Eataly, scrive Sala, “presenta elementi di unicità che lo rendono l’unico soggetto che può rispondere alle esigenze di Expo”: grazie alla “riconoscibilità mondiale del brand come italianità e alimentazione di qualità a prezzi accessibili a tutti”; alla “capacità di attrazione di visitatori”; alla “filosofia distintiva basata sulla convinzione che il ‘buon cibo’ avvicina le persone, crea comunione tra i diversi strati sociali, aiuta a trovare punti di vista comuni tra gente di diverso pensiero”; e alla “offerta di education e entertainment”, con i suoi corsi di educazione alimentare e di cucina, degustazioni, incontri con le grandi cantine eccetera”.
Insomma, “il tratto distintivo e originale dell’offerta di Eataly, illustrato nella seduta del consiglio d’amministrazione del 18 giugno 2013, è rappresentato dal format unico ideato da Eataly che coniuga servizi di ristorazione innovativi, educazione alimentare, didattica e formazione professionale”.

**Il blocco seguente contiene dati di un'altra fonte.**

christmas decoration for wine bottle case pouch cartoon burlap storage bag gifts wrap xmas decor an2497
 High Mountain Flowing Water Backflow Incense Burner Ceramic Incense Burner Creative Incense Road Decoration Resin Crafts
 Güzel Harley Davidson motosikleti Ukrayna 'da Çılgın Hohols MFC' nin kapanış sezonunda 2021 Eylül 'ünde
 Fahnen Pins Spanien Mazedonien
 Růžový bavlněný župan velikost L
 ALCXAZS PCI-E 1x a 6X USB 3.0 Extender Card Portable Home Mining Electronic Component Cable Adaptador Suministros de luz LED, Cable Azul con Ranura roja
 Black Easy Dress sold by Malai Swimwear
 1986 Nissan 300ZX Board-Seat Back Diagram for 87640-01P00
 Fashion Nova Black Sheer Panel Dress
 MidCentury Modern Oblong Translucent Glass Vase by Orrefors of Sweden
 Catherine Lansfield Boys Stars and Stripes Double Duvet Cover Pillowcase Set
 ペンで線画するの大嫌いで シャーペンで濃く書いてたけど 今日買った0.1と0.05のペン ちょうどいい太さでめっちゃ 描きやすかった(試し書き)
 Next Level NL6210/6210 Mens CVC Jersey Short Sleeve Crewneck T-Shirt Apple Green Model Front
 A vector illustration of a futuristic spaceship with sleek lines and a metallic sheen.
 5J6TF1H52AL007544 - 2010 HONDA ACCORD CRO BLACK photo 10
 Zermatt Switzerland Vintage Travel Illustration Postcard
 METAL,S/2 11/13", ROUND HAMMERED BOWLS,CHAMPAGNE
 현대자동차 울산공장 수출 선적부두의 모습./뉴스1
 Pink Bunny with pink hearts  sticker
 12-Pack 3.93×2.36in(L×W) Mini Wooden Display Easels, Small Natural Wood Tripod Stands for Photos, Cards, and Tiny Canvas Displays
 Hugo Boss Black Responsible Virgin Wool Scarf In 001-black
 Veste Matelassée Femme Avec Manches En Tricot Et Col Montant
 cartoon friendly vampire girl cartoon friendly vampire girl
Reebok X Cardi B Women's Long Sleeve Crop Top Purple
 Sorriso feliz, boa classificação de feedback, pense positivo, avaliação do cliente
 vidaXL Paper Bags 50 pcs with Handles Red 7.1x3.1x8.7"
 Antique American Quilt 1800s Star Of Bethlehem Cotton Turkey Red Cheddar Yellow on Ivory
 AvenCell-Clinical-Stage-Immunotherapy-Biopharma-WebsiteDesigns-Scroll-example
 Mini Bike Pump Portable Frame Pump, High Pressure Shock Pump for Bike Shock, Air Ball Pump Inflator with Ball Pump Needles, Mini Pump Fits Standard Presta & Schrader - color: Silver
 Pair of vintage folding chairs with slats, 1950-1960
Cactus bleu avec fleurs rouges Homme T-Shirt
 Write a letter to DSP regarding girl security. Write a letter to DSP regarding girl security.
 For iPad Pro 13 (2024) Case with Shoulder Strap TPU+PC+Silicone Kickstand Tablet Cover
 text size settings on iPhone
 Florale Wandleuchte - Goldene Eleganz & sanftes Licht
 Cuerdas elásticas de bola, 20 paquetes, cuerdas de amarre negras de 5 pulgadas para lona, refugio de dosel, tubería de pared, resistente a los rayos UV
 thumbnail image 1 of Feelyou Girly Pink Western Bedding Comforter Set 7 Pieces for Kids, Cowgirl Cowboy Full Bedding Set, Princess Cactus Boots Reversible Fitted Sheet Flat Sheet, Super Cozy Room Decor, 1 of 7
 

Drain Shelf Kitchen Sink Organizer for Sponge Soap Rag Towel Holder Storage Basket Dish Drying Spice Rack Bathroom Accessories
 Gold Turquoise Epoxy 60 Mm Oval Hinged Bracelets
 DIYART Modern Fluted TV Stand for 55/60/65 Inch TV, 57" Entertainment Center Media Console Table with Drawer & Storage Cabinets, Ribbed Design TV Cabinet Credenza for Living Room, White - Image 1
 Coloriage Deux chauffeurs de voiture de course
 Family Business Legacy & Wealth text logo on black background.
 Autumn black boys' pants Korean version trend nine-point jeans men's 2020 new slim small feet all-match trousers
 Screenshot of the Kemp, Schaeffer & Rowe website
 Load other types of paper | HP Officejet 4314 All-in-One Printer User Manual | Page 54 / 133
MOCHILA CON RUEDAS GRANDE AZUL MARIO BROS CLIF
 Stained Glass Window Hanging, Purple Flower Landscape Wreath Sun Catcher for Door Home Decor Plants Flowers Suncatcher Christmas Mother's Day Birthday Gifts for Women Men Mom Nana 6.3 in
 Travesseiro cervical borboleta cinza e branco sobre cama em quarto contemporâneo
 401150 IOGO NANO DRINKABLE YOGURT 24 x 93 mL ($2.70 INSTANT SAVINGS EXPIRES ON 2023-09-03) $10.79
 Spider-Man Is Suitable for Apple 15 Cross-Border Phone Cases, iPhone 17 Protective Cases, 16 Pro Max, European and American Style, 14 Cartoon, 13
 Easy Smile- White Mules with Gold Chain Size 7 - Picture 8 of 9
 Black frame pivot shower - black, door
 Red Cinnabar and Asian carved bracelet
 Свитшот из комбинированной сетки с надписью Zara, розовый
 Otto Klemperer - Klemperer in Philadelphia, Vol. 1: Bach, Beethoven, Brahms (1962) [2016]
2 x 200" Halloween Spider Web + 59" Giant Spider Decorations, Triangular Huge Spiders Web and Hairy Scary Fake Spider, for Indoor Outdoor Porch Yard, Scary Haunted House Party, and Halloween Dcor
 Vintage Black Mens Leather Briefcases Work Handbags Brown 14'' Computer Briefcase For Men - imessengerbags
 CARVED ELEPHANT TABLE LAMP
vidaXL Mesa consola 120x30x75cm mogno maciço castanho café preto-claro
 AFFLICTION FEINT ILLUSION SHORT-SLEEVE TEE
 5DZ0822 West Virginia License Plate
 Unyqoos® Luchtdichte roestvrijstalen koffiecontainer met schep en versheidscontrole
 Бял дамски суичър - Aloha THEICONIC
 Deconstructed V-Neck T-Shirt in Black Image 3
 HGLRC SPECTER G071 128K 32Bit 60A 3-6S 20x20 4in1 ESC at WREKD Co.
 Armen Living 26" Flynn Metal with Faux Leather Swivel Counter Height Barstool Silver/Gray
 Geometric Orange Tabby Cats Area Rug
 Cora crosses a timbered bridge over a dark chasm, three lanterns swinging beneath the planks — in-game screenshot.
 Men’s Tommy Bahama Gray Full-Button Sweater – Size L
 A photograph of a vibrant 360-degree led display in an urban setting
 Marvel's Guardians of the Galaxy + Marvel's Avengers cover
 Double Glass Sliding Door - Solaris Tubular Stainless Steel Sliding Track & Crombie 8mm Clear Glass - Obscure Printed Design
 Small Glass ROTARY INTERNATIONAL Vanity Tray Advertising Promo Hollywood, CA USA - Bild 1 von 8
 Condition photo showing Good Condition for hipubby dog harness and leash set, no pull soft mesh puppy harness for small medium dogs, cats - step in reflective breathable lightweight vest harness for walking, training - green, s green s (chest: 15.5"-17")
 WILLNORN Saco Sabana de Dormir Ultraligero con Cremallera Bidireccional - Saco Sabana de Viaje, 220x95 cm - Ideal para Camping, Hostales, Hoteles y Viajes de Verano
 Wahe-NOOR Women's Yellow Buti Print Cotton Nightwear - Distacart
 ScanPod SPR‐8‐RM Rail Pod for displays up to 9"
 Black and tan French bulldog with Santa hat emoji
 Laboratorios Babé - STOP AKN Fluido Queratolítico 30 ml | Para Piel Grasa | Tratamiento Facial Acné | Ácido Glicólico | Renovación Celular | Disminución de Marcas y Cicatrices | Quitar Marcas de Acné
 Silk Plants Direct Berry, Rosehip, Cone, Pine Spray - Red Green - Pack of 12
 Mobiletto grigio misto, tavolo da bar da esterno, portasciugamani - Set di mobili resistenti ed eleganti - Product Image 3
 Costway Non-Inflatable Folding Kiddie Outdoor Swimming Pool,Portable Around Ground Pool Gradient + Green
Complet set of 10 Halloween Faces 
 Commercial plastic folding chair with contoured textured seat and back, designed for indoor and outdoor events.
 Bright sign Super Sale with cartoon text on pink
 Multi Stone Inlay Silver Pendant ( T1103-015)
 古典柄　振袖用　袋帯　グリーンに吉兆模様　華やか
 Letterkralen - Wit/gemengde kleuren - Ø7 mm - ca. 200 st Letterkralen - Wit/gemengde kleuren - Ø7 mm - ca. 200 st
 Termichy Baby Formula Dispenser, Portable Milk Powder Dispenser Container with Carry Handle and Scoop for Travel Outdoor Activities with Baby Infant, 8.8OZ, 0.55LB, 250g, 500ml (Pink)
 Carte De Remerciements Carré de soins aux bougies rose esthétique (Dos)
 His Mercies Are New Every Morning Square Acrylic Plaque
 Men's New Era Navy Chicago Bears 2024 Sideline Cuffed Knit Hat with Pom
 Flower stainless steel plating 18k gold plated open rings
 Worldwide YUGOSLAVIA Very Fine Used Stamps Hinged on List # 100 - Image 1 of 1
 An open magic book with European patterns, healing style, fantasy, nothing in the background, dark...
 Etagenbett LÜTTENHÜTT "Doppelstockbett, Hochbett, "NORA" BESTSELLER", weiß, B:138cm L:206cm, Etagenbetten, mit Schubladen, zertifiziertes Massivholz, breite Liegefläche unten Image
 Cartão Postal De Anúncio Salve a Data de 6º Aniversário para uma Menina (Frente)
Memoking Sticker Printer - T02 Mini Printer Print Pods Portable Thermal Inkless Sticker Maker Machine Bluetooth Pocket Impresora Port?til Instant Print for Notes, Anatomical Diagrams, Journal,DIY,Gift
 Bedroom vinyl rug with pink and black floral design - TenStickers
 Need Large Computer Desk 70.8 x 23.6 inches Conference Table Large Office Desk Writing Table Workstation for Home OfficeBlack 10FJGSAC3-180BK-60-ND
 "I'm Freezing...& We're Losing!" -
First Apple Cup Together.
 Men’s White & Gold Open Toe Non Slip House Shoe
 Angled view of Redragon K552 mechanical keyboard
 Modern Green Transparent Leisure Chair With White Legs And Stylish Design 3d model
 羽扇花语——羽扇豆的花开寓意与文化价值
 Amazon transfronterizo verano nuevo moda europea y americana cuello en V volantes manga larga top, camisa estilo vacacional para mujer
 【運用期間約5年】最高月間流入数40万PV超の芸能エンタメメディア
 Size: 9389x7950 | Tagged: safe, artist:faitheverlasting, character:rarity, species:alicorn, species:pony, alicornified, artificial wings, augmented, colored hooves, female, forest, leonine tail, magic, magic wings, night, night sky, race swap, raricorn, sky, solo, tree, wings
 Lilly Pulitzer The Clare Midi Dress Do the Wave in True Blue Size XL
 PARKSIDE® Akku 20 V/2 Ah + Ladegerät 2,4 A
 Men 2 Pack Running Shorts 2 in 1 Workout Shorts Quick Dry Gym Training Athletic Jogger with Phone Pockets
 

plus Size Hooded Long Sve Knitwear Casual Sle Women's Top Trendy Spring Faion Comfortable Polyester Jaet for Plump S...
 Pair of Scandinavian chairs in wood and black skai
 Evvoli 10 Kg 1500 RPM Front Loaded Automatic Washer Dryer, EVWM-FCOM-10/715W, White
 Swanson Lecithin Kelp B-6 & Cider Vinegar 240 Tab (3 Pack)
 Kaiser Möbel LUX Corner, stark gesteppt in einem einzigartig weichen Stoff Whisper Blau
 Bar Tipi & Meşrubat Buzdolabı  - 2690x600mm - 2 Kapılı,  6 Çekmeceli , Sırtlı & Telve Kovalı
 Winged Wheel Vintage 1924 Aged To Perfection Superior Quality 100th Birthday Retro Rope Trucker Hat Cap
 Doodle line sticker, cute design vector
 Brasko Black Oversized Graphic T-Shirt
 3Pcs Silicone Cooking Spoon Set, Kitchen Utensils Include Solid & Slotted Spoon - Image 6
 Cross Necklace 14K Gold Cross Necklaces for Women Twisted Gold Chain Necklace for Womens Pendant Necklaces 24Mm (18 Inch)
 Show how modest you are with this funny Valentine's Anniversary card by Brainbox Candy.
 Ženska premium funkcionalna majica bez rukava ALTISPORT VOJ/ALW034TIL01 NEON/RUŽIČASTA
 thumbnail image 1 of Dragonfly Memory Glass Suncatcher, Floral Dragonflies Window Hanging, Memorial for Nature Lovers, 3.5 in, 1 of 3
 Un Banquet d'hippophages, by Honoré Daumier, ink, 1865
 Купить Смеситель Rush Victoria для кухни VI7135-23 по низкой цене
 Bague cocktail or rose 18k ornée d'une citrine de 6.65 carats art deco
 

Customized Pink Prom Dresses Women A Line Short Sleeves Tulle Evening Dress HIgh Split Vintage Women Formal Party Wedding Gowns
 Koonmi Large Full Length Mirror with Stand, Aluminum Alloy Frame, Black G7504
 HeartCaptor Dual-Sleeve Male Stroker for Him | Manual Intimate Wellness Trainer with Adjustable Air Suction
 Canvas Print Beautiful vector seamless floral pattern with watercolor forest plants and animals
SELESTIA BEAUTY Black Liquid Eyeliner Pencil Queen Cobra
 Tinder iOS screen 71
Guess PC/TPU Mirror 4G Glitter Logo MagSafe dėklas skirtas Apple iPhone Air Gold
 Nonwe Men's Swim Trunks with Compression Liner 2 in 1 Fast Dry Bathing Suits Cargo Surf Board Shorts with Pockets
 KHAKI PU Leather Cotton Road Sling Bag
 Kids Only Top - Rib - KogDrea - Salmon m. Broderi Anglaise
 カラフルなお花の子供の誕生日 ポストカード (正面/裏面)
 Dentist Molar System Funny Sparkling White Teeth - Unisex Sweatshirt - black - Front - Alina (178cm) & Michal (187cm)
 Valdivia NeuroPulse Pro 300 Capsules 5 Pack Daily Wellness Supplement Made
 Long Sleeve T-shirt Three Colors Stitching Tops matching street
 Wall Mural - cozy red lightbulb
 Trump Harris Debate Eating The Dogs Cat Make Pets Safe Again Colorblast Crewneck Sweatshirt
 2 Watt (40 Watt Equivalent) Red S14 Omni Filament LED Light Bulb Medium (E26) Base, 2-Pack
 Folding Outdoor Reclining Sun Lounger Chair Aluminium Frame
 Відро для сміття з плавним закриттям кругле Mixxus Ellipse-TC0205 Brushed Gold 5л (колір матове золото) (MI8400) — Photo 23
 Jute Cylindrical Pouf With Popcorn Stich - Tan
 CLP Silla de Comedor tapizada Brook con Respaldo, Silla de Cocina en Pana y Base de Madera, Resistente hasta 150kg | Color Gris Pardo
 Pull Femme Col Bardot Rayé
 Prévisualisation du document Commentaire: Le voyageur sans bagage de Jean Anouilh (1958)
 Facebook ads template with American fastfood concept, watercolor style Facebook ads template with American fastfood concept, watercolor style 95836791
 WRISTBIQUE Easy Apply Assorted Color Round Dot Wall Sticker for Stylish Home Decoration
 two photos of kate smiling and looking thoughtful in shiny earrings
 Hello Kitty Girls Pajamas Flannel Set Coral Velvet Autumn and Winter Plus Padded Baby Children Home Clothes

Un PR expottimista non avrebbe saputo dire meglio.
Ma non ha convinto Cantone, che risponde secco: “Questa Autorità riscontra i chiarimenti afferenti alla procedura esaminata reputando, tuttavia, scarsamente condivisibili talune motivazioni illustrate nella nota in riferimento”.
I dubbi riguardano due punti.
Uno: le spiegazioni fornite sul perchè Expo spa “si è sottratta alla previa gara, prevista”, “sebbene senza effetto”, dalle norme peraltro richiamate nel consiglio d’amministrazione del 18 giugno 2013.
Due: la mancanza di spiegazioni sui contratti che Expo “avrebbe sottoscritto con le Camere di commercio”.
Si tratta degli accordi raccontati da un altro articolo del Fatto nell’aprile 2015, secondo cui Farinetti gestirebbe anche l’esposizione nei suoi padiglioni di prodotti (olio, salumi, formaggi, dolci eccetera), chiedendo alle aziende produttrici di pagargli 750 euro più iva per due giorni di presenza nelle sue “vetrine espositive”.
Si tratterebbe di una stravagante procedura in cui un privato si fa pagare per concedere uno spazio pubblico.